In a nutshell, taqiyah is observed when a religious or worldly interest is at stake. For this reason, when a more important cause or interest is at risk or when a bigger evil may be created, there is no need for taqiyah according to reason and religion.

2. Munafiq (hypocrite) is a religious hypocrite who outwardly practices Islam and shows himself as Muslim while inwardly concealing his disbelief[4] whereas in fact taqiyah is defined as the opposite of munafiq because one who observes taqiyah is a perfect believer. He believes in all the tenets of religion and it is for the same reason that he resorts to taqiyah and conceals what he believes inwardly simply to protect certain scared goals and interests.

3. When it comes to humiliation and degradation (which constitute another part of the question), we must say: Showing oneself as being oppressed and humiliated takes place at a time when the individual embarks on concealing his beliefs owing to fear or cowardice whereas taqiyah does not mean weakness, fear and conservatism. In fact, it is often used as an effective means to combat tyrants, oppressors and the unjust.

Finding out enemy’s secrets, plans and plots would not be possible except through taqiyah method. No harm can be inflicted upon the enemy except through taqiyah and by way of hiding plans and combat strategies.[5]

Based on what was just said, we say that, firstly, taqiyah is not restricted to fear and bearing hardships. Secondly, if taqiyah is exercised due to fear, it is not necessarily on account of fear for one’s own life; perhaps, it might be owing to fear for another person’s life, honor and property. Sometimes, the entire religion of Islam might be at risk or under attack or one may fear disunity and discord among Muslims.  Indeed, sometimes a person might fear that his own reputation might be damaged or his life might be in danger or he fears that he might lose his property in which case, taqiyah too does not mean escaping torture or death which he might deserve because the principal rule is to protect one’s life and not to jump into destruction[6] except in very important cases.[7]

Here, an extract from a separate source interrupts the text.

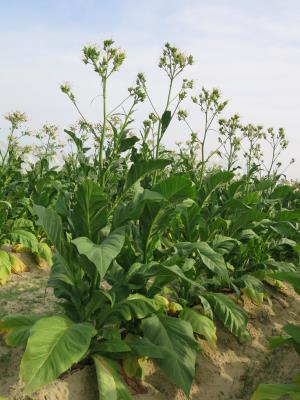 PLANT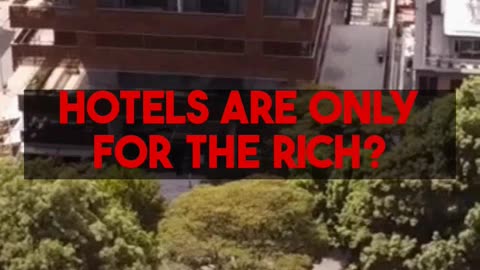 New York Citys Hidden Green Oasis Roosevelt Islands MicroForest Examined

4. Finally, about the limits of taqiyah and the issue enjoining good and forbidding evil, we shall quote Martyr Murteza Mutahhari who says:

“When it comes to enjoining good and forbidding evil, there is no doubt that one must use this way of promoting virtue with calculation, logic and good thought. Scholars, who have studied in social areas, have said that the secrets behind the extinction of the Kharijites was that they did not use logic in enjoining good and forbidding evil (of course, what they thought to be evil or good whereas in most cases their belief wasn’t true). They did not subscribe to logic. They would go to unruly tyrant and unsheathe their swords knowing that their words had no impact on him but they would still go ahead. There and then the tyrant ruler would kill the one who enjoined him in an instant. The Kharijites did not make use of any tactics. There was no logic in their conducts. They embarked on doing something without thinking and using logic.

They believed that it was not necessary to use taqiyah as a tactic to enjoin good and forbid evil. We often resort to logic when we want to take action about something. We make use of our mind and think of the benefits and harm. If we realize that the benefit of something is more than its harm, we take action, otherwise we do not do it. The Kharijites did not subscribe to such things. They enjoined the good and forbade the evil, no matter what the consequences. The most important reason behind their extinction was that they did not avail themselves of logic in enjoining good and forbidding evil whereas in fact, they had to make use of logic.”[8]

[1] Adapted from answer 1779 (site: 2132)

[2] Adapted from answer 3022 (site: 99)

[3] Sahifa Imam Khomeini, vol.8, p. 11, Centre for Preparation and Publication of Imam Khomeini’s Works, Tehran, fourth edition, 1386 (Persian calendar).

[4] Adapted from answer 5286 (site: 5875).

[5] Makarem Shirazi, Naser, Tafsir Nomune, vol.20, p.89,  Dar al-Kutub al-Islamiyah Publications, Tehran, 1374.

[6] Al-Baqarah (2): 195.

[7] Adapated from answer 1779 (site: 2132).

[8] Martyr Shahid Mutahhari, Collection of Works, vol.21.